Selain itu, lanjutnya, kasus e-KTP ini melibatkan 2 bangunan besar. Keduanya adalah lembaga eksekutif dan legislatif.
Advertisement
"Kalau dengan kaitan kasus e-KTP ada dua bangunan besar yaitu lembaga eksekutif dan legislatif. Nah kita masih menunggu apa yang dibuktikan oleh KPK," ucap dia.
Lalu, dia mengaku kalau pada 2011 lalu, ICW sempat membuat preview soal pengadaan e-KTP ini. Salah satu pihak yang ditemui adalah mantan Direktur Jenderal (Dirjen) Kependudukan dan Pencatatan Sipil (Dukcapil) Kementerian Dalam Negeri (Kemendagri) Irman dan mantan Menteri Dalam Negeri Gamawan Fauzi, karena ICW menilai ada kejanggalan dari proyek e-KTP ini.

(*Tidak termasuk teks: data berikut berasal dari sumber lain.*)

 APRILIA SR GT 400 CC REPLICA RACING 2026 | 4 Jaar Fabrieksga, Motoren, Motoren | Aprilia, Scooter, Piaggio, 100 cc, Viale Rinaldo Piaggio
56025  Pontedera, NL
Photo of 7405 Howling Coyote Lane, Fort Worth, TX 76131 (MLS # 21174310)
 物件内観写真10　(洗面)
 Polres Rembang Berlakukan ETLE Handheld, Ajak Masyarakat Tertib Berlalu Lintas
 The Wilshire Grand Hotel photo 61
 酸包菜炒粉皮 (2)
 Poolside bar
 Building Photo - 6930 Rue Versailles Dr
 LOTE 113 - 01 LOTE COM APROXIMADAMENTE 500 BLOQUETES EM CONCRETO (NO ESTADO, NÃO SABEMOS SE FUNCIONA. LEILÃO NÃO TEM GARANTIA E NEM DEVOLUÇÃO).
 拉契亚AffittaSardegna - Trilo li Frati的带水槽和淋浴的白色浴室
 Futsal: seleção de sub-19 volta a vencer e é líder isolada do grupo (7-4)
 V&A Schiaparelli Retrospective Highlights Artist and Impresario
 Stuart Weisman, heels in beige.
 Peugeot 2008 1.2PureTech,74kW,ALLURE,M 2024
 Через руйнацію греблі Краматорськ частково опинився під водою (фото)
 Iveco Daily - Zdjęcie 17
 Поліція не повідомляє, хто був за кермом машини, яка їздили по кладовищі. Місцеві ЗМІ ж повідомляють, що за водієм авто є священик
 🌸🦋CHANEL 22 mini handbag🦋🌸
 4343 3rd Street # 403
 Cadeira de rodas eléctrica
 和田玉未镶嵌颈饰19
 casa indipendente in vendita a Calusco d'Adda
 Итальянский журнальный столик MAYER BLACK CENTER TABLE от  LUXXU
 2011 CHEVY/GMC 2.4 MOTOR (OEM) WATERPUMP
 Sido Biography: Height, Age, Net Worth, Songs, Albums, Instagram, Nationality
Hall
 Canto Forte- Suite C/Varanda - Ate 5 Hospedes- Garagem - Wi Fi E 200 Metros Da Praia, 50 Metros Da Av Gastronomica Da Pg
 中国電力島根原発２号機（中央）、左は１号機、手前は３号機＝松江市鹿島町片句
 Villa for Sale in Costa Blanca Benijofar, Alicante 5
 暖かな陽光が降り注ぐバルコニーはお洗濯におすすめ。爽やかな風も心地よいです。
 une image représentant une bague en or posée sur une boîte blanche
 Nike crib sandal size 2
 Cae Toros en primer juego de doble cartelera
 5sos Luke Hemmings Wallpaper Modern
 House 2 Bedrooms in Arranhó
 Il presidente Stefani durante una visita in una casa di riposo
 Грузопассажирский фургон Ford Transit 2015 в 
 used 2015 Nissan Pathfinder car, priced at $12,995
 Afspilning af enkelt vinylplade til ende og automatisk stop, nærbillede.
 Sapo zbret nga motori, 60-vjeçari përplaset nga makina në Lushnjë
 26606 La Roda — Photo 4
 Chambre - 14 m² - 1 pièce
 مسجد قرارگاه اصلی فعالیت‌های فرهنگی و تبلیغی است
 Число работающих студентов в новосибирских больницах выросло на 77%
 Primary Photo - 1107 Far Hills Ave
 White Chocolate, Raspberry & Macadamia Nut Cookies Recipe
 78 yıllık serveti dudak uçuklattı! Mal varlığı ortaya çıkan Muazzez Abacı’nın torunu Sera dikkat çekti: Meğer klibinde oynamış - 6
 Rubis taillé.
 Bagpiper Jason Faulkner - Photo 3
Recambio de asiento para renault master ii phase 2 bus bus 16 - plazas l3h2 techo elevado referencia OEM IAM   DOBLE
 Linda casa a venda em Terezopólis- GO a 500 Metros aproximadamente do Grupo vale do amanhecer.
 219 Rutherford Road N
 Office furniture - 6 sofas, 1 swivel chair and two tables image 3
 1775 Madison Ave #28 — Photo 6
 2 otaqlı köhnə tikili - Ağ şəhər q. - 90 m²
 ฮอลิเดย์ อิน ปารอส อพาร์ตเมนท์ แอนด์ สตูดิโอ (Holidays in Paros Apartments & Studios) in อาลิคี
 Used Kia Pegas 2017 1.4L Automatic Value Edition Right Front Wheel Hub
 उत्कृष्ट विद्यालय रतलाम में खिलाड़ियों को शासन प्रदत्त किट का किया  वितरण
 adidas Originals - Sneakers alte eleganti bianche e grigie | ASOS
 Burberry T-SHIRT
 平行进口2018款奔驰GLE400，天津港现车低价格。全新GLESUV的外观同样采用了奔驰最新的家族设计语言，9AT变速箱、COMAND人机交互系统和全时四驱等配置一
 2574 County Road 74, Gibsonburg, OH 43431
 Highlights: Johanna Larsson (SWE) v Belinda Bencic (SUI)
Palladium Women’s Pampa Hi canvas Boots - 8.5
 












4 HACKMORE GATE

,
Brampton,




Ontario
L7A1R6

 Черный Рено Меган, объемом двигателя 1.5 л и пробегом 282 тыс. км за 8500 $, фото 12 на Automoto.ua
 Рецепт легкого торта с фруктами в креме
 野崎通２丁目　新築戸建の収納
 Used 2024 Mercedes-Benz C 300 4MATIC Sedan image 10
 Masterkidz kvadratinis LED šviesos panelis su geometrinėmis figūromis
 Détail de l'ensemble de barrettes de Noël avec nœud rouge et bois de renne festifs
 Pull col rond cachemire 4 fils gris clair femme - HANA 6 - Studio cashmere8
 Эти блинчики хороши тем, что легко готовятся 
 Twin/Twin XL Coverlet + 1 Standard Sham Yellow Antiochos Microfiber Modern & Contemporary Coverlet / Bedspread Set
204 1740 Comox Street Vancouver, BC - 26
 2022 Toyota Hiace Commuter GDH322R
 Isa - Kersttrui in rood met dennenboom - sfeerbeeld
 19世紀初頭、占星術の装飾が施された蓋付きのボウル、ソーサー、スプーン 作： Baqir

"Pada 2011 lalu ICW buat preview, Pak Irman salah satu pihak yang kita temui, termasuk Pak Gamawan. Proyeknya ada pelanggaran post building. Lalu yang lainnya Pak Gamawan tanda tangan kontrak saat ada perusahaan tender e-KTP yang sedang sanggah banding, ini tidak boleh," papar Tama.
Tama menambahkan, dengan Gamawan menandatangani kontrak sedangkan masih ada perusahaan yang mengajukan sanggah banding, maka ia memiliki tanggung jawab hukum.
"Untuk mendapat tanda tangan tersebut tidak mulus, ada tanda tangan kontrak sanggah banding. Kalau ada peserta lelang tidak sepakat, ada sanggah banding. Nah belum ada kontrak, tapi sanggah banding belum selesai, itu sudah tanda tangan kontrak. Ini tidak boleh," terang dia.
Tama menceritakan, saat melakukan komunikasi tersebut dan mencoba mencegah agar tidak dilakukan tanda tangan kontrak proyek e-KTP, tidak ada perbaikan yang dilakukan oleh Gamawan.
"Ruang komunikasi sangat luas, tapi enggak ada perbaikan. Dari kita kan sederhana, kalau mau jerat orang pidana korupsi apakah perbuatan sengaja atau tidak. Tinggal tunggu ada enggak kerugian negara," kata dia.
"Terakhir ada enggak pihak-pihak yang diuntungkan. Kalau di dakwaan kan jelas, nah ini kan dari awal sudah dicegah oleh KPK," ujar Tama.